Medan, Aktual.com — Pengutipan-pengutipan uang kepada siswa masih saja terjadi. Khususnya saat perayaan peringatan proklamasi kemerdekaan 17 Agustus. Seperti penuturan orangtua murid salah satu Sekolah Dasar (SD) Swasta di Kabupaten Deli Serdang, Sumut, Muhammad Arief 37 tahun, kepada Aktual.com, Minggu (16/8) malam.
Arief mengatakan, anaknya yang masih duduk di bangku kelas 1 dan kelas 2 Sekolah Dasar, dipungut biaya untuk merayakan acara peringatan kemerdekaan di sekolah. “Dipungut Rp 10 ribu tiap satu siswa,” ujar Arief.
Arief mengatakan, pungutan-pungutan yang dilakukan di sekolah, dalam alasan apapun seharusnya tidak dibenarkan. “Ini bukan soal nominal berapa. Tapi dampaknya yang kita gugat. Anak-anak sejak kecil sudah dicekoki dengan pungutan-pungutan. Ini bahaya secara karakter, memperkenalkan anak-anak dengan sesuatu yang bernilai uang dan pungutan,” ujar Arief.
Dikatakan Arief yang merupakan alumni Lemhanas 2014 itu, instansi-instansi terkait, bahkan sampai menteri harus memantau pola-pola lama yang masih dilakukan sekolah. Menurutnya, harus ada himbauan keras terkait masih dilakukannya pungutan baik oleh guru maupun pihak sekolah.

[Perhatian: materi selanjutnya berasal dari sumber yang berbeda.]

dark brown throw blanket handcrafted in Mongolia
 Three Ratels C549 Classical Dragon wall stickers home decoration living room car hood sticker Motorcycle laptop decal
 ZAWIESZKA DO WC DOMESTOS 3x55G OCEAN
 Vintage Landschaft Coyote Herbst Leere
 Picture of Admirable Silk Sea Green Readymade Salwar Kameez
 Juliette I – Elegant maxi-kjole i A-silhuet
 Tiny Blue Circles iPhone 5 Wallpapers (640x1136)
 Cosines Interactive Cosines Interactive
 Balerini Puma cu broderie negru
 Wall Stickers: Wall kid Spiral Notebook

“Diberbagai pemberitaan, disajikan seolah-olah pendidikan gratis itu sudah berjalan. Seharusnya itu terbukti, dan faktanya, masih saja ada pungutan yang bisa dikategorikan liar, apalagi terjadi di momentum kemerdekaan,” kata dia.
Arief menyinggung soal keberadaan dana BOS dan dana-dana lain yang dikelolah pihak sekolah. Seharusnya, dalam acara-acara semisal peringatan 17 Agustus, anggaran tersebut bolehlah digunakan. Bukan sebaliknya, melakukan pengutipan kepada para siswa.
“Begitu banyak anggaran yang dikelola sekolah, kenapa harus dikutip dari siswa? Tetap saja penekanannya, pengutipan atau pungutan kepada siswa memberikan pendidikan yang tidak baik dalam karakter siswa,” kata dia.